Kamil Stoch dostał niespodziewany prezent na święta, musiał się tym pochwalić
Zanim jednak Biało-czerwoni dotarli pod niemiecką skocznię, Kamil Stoch postanowił opublikować w swoich mediach społecznościowych specjalny post, w którym pochwalił się niespodziewanym prezentem, jaki otrzymał podczas Świąt Bożego Narodzenia. Jeden z liderów polskiej kadry w skokach narciarskich nie ukrywał, że wiadomość, którą otrzymał sprawiła mu masę radości i dzięki niej jego święta były o wiele lepsze.

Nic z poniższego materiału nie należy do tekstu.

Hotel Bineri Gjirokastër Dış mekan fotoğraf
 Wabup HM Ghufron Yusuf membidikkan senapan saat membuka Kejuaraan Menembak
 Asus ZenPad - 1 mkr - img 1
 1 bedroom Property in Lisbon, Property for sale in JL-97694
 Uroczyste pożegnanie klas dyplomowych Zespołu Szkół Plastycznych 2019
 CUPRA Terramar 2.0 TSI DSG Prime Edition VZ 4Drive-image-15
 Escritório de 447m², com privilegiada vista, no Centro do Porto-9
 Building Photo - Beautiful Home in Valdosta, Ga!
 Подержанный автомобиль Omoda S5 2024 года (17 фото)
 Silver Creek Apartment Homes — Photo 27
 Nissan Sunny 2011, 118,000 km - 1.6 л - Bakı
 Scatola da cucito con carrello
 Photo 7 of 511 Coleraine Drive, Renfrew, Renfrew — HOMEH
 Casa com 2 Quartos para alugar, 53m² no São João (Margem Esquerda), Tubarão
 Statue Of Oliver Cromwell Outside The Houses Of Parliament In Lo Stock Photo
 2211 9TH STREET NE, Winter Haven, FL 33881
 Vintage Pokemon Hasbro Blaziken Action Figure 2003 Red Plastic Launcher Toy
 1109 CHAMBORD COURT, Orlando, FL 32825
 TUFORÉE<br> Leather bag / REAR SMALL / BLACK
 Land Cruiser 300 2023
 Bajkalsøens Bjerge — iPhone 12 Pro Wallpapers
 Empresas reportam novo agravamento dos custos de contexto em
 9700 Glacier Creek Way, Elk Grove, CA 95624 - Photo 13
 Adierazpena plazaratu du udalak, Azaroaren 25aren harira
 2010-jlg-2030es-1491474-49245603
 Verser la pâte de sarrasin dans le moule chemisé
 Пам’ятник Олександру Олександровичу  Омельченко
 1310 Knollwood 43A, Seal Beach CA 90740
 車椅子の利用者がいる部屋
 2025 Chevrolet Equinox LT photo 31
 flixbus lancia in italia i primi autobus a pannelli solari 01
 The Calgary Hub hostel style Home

Sprawdźcie, jak naprawdę wygląda małżeństwo Kamila Stocha i Ewy Blian-Stoch, zaglądając do naszej galerii zdjęć poniżej!
Lider reprezentacji Polski pokazał zdjęcie z żoną i wszystko wyjaśnił
Okazało się, że Kamil Stoch chciał wybrać się w podróż... o dzień szybciej, niż było to konieczne, a co za tym idzie musiałby opuścić swój dom podczas świąt, aby na czas dotrzeć do Oberstdorfu. - Krótko o tym jak poczułem magię Świąt Przez cały czas byłem przekonany, że do Oberstdorfu wyjeżdżamy w drugi dzień Świąt nad ranem, z powodu dodatkowych testów. Wieczorem, w Boże Narodzenie odśnieżyłem podjazd, żeby kadrowy bus przedarł się do mnie przez zaspy, spakowałem się i zapytałem o której rano panowie po mnie będą. I co? Dostałem najlepszy prezent i to od własnego rozumku. Okazało się że wyjeżdżamy dobę później Mogłem spędzić dodatkowy dzień w domu, świętować, powygłupiać się w śniegu, a nawet obejrzeć Kevina Mam nadzieję że Wam też udało się odpocząć, bo wkrótce trzeba zacząć trzymać kciuki. Pozdrawiam już z Oberstdorfu - wyjaśnił Kamil Stoch publikując zdjęcie z żoną podczas zimowych wygłupów w śniegu, o których lider Biało-czerwonych wspomniał w poście.